(Entries taken from a collection)
Segment Open

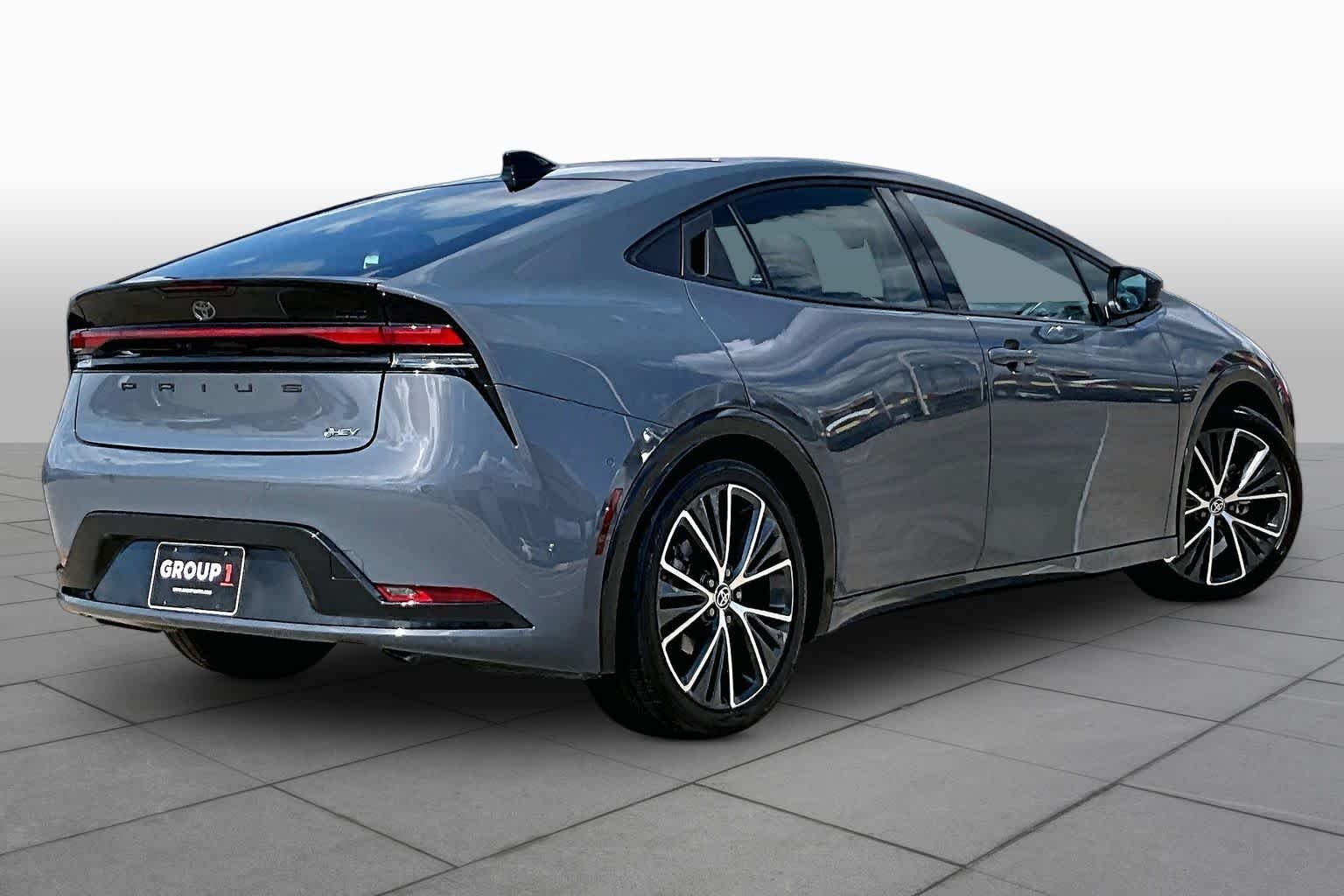 Used 2025 Guardian Gray Toyota Limited image 13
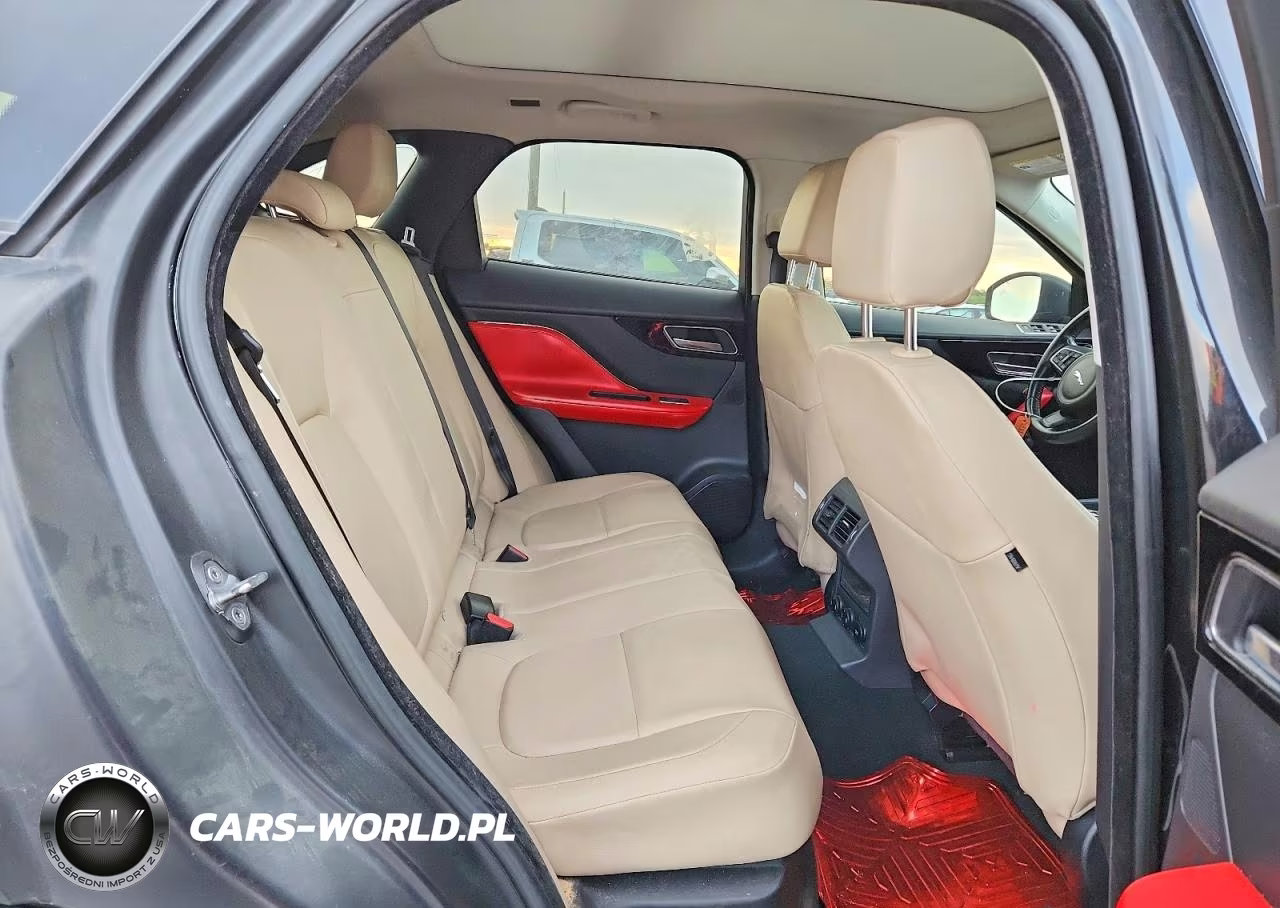2018 Jaguar F-Pace Premium VIN:SADCJ2FX2JA266081 - 11
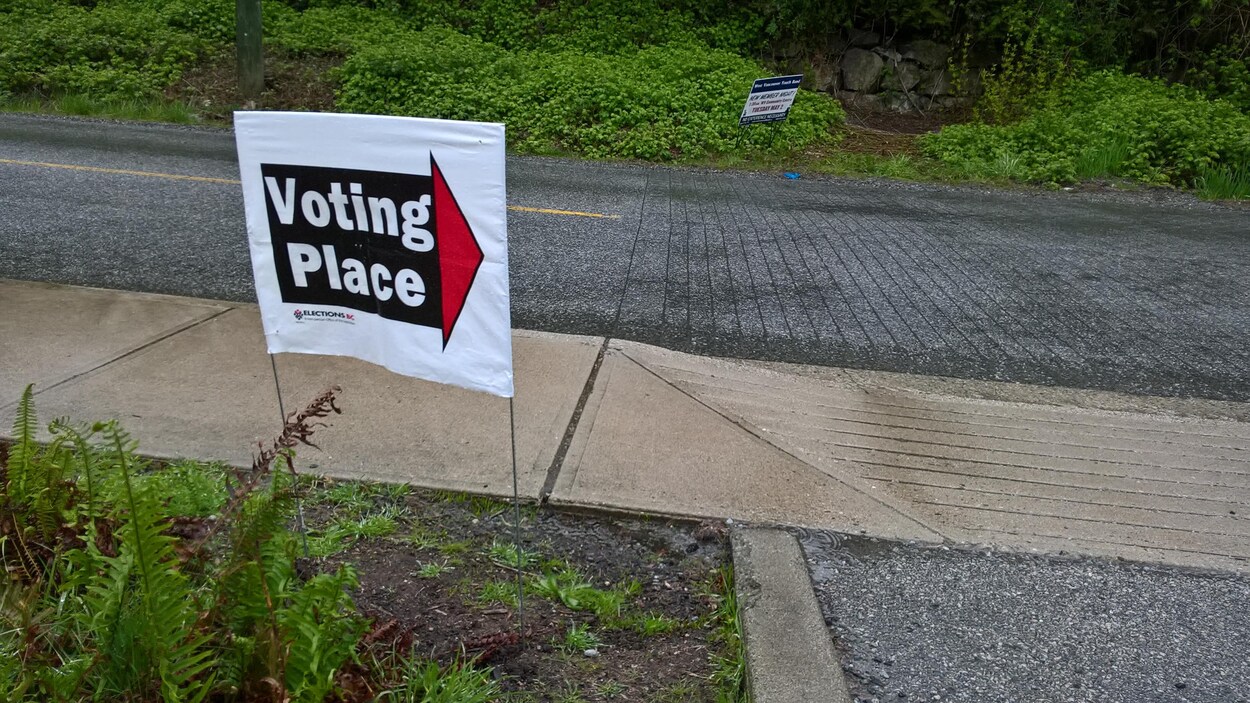 Un panneau indiquant l'emplacement d'un bureau de vote.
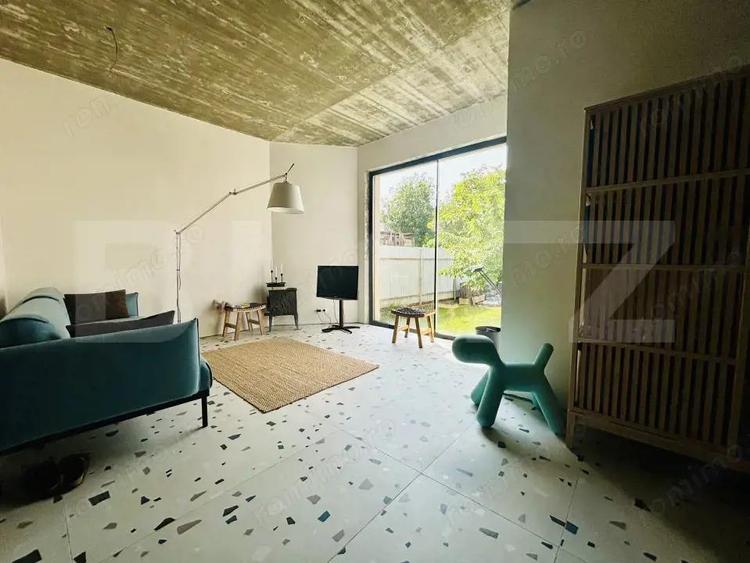 Casa Individuala Noua, Construita din Beton Monolitic Zona Lunei - 1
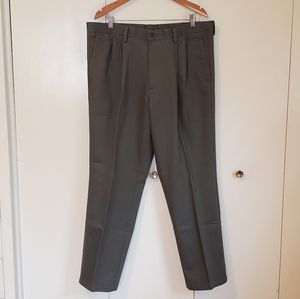 Men's Dockers Slacks sz W40 L32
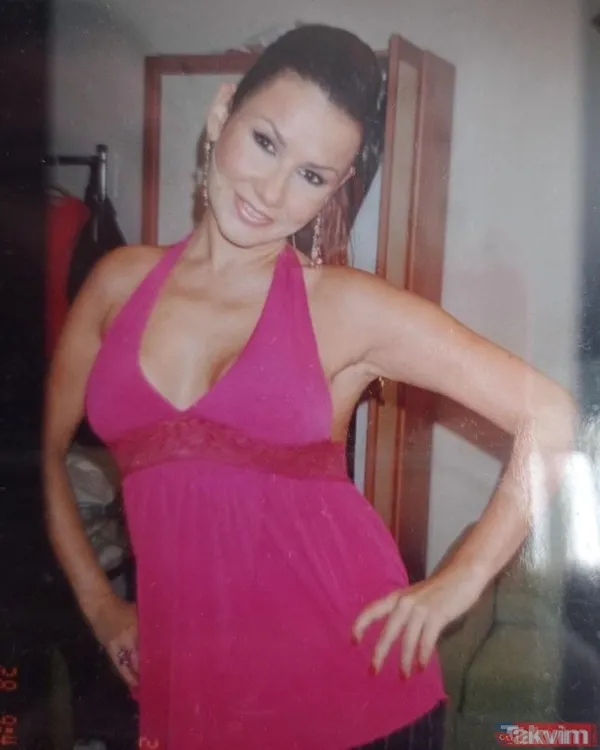 Müge Anlı da lepiska saçlarıyla '20'li yaşlar challenge' akımına uydu! Güzelliğiyle mest eden Müge Anlı'nın gençliği ve Esra Erol... - 8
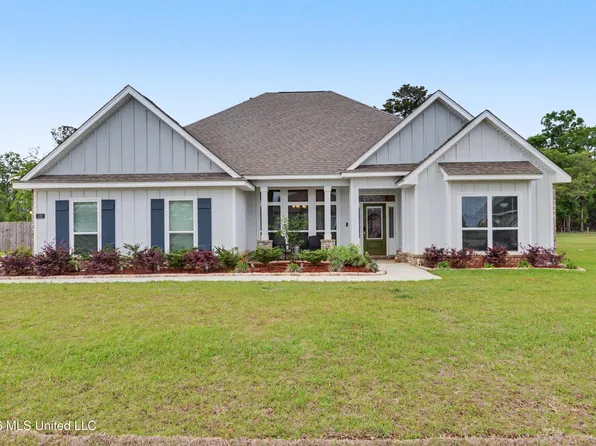 132 Firefly Dr, Lucedale, MS 39452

Segment Closed

## About this task
Restate the records above word for word, without the pictures.

## Answer to this exercise
 Used 2025 Guardian Gray Toyota Limited image 13
2018 Jaguar F-Pace Premium VIN:SADCJ2FX2JA266081 - 11
 Un panneau indiquant l'emplacement d'un bureau de vote.
 Casa Individuala Noua, Construita din Beton Monolitic Zona Lunei - 1
 Men's Dockers Slacks sz W40 L32
 Müge Anlı da lepiska saçlarıyla '20'li yaşlar challenge' akımına uydu! Güzelliğiyle mest eden Müge Anlı'nın gençliği ve Esra Erol... - 8
 132 Firefly Dr, Lucedale, MS 39452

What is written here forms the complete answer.